Description of the task> Produce again, without any change, the lines running from the one with "Plafonnier design Elize" through the final line of the data below, and only those.

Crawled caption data
════════════════════
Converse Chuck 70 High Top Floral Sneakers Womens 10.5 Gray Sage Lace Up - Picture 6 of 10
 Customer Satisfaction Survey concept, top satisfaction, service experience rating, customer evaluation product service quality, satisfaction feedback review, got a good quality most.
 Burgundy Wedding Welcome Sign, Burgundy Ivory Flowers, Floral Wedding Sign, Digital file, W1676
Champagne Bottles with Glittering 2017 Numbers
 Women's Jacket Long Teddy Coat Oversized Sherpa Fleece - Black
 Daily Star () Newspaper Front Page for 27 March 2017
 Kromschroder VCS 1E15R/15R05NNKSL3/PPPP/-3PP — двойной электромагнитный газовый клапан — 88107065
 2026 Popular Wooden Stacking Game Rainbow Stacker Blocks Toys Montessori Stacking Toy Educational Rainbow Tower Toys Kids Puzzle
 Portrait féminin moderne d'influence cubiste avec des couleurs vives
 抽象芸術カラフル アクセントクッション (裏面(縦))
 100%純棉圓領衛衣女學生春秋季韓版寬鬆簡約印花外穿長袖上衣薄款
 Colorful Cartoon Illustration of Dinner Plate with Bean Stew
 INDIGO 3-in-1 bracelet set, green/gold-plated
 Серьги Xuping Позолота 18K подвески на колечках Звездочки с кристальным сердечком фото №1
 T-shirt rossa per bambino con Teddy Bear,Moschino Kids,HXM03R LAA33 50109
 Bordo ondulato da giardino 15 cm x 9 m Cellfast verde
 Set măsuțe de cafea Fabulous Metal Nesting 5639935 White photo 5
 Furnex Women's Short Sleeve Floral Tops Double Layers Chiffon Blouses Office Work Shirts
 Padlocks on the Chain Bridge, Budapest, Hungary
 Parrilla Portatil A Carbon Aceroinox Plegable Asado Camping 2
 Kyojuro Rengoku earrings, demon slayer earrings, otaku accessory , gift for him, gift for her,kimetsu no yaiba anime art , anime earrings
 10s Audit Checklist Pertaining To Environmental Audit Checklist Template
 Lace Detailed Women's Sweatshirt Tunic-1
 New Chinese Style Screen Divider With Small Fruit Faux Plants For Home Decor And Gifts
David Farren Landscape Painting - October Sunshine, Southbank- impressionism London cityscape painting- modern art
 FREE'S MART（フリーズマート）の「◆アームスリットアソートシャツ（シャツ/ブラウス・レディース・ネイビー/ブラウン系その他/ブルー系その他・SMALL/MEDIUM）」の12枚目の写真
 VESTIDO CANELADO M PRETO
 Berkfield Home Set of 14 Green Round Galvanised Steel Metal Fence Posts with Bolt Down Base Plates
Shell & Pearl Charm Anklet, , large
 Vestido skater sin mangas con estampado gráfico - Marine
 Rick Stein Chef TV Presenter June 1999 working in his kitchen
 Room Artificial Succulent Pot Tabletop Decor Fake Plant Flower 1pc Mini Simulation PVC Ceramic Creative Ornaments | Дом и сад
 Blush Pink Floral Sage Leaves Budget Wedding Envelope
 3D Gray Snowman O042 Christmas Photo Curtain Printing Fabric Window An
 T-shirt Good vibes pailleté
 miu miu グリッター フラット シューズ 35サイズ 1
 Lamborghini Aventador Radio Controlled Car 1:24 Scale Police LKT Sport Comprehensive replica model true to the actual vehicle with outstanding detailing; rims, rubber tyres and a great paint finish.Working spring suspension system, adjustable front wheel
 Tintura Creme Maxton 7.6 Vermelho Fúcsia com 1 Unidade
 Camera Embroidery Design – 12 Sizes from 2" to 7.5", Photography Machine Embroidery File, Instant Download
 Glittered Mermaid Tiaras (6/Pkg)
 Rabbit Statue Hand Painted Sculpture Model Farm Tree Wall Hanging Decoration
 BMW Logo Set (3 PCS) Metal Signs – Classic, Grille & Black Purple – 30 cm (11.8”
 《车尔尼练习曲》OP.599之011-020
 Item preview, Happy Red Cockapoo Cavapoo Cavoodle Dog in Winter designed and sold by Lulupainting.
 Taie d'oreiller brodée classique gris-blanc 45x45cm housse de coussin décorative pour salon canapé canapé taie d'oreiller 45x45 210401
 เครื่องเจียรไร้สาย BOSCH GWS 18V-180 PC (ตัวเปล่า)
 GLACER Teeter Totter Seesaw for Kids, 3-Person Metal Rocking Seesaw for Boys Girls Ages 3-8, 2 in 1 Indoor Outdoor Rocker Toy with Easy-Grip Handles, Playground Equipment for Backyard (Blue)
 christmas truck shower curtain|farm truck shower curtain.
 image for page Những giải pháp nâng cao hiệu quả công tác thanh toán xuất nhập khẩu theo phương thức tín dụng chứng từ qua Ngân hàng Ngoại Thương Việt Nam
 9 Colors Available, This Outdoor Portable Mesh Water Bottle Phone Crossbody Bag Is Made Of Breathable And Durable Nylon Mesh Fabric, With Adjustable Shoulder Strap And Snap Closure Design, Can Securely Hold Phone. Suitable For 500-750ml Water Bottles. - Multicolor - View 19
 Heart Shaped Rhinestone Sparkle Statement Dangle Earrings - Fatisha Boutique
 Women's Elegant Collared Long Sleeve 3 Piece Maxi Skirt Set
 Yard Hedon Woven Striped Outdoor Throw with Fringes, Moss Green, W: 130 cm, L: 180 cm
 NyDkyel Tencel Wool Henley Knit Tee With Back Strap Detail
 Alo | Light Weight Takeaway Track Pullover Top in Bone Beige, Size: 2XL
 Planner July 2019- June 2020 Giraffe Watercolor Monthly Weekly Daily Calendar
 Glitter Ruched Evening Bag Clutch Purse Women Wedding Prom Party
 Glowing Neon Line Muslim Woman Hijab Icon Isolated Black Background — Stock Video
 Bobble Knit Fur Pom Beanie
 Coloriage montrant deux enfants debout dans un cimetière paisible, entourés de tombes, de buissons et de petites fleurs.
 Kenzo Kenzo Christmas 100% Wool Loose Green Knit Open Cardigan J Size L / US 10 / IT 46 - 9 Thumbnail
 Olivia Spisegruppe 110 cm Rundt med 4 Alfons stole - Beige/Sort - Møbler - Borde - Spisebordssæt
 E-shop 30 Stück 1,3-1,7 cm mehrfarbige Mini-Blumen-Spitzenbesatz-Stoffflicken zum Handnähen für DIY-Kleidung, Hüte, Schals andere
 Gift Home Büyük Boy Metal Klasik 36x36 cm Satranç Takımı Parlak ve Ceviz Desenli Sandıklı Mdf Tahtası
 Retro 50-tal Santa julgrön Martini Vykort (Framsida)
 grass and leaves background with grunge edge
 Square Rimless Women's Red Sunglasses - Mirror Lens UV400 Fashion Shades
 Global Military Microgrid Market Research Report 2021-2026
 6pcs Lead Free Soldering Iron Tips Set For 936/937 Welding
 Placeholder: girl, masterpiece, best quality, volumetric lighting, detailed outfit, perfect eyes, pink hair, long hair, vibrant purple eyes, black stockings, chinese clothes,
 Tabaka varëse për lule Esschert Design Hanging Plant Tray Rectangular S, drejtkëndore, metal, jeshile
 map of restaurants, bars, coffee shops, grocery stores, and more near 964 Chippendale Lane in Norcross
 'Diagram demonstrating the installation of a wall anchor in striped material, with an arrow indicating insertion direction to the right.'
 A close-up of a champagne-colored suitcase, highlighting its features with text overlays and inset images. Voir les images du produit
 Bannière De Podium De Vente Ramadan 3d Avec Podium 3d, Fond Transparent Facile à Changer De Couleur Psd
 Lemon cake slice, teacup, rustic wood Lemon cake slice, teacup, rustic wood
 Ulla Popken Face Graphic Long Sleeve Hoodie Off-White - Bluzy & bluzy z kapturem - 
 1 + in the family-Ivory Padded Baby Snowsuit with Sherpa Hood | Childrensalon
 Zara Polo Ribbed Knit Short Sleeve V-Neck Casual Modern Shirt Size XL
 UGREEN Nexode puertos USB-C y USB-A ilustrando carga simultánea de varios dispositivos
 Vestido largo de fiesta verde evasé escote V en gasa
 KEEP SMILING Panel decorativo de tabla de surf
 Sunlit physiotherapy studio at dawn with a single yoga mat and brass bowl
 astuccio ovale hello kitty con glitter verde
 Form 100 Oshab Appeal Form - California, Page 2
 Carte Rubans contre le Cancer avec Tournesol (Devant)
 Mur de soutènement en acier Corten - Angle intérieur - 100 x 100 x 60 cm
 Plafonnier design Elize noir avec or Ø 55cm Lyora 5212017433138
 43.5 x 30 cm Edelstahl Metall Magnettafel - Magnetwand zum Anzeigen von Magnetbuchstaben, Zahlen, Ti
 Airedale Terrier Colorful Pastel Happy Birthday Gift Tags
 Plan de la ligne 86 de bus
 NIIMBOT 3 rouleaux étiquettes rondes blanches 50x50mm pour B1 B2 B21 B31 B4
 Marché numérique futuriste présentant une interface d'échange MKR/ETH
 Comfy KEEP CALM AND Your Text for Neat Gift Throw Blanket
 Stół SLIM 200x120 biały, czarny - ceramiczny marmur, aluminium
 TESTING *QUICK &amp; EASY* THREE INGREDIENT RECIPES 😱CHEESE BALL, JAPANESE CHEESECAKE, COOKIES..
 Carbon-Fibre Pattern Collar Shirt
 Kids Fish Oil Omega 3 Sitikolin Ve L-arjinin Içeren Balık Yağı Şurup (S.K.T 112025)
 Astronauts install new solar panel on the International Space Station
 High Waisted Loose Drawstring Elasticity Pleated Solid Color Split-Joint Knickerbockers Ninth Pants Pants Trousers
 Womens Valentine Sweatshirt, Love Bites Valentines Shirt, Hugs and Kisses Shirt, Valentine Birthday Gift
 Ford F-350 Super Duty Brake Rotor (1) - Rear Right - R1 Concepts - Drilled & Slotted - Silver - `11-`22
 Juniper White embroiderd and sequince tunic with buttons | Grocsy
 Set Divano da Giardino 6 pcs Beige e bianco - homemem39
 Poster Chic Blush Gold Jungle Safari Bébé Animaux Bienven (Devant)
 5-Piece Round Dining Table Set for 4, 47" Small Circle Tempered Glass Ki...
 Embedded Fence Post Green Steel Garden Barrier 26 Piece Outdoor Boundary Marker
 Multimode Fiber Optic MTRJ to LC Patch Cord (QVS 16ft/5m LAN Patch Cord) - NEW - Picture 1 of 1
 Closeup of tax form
════════════════════
Output below>
 Plafonnier design Elize noir avec or Ø 55cm Lyora 5212017433138
 43.5 x 30 cm Edelstahl Metall Magnettafel - Magnetwand zum Anzeigen von Magnetbuchstaben, Zahlen, Ti
 Airedale Terrier Colorful Pastel Happy Birthday Gift Tags
 Plan de la ligne 86 de bus
 NIIMBOT 3 rouleaux étiquettes rondes blanches 50x50mm pour B1 B2 B21 B31 B4
 Marché numérique futuriste présentant une interface d'échange MKR/ETH
 Comfy KEEP CALM AND Your Text for Neat Gift Throw Blanket
 Stół SLIM 200x120 biały, czarny - ceramiczny marmur, aluminium
 TESTING *QUICK &amp; EASY* THREE INGREDIENT RECIPES 😱CHEESE BALL, JAPANESE CHEESECAKE, COOKIES..
 Carbon-Fibre Pattern Collar Shirt
 Kids Fish Oil Omega 3 Sitikolin Ve L-arjinin Içeren Balık Yağı Şurup (S.K.T 112025)
 Astronauts install new solar panel on the International Space Station
 High Waisted Loose Drawstring Elasticity Pleated Solid Color Split-Joint Knickerbockers Ninth Pants Pants Trousers
 Womens Valentine Sweatshirt, Love Bites Valentines Shirt, Hugs and Kisses Shirt, Valentine Birthday Gift
 Ford F-350 Super Duty Brake Rotor (1) - Rear Right - R1 Concepts - Drilled & Slotted - Silver - `11-`22
 Juniper White embroiderd and sequince tunic with buttons | Grocsy
 Set Divano da Giardino 6 pcs Beige e bianco - homemem39
 Poster Chic Blush Gold Jungle Safari Bébé Animaux Bienven (Devant)
 5-Piece Round Dining Table Set for 4, 47" Small Circle Tempered Glass Ki...
 Embedded Fence Post Green Steel Garden Barrier 26 Piece Outdoor Boundary Marker
 Multimode Fiber Optic MTRJ to LC Patch Cord (QVS 16ft/5m LAN Patch Cord) - NEW - Picture 1 of 1
 Closeup of tax form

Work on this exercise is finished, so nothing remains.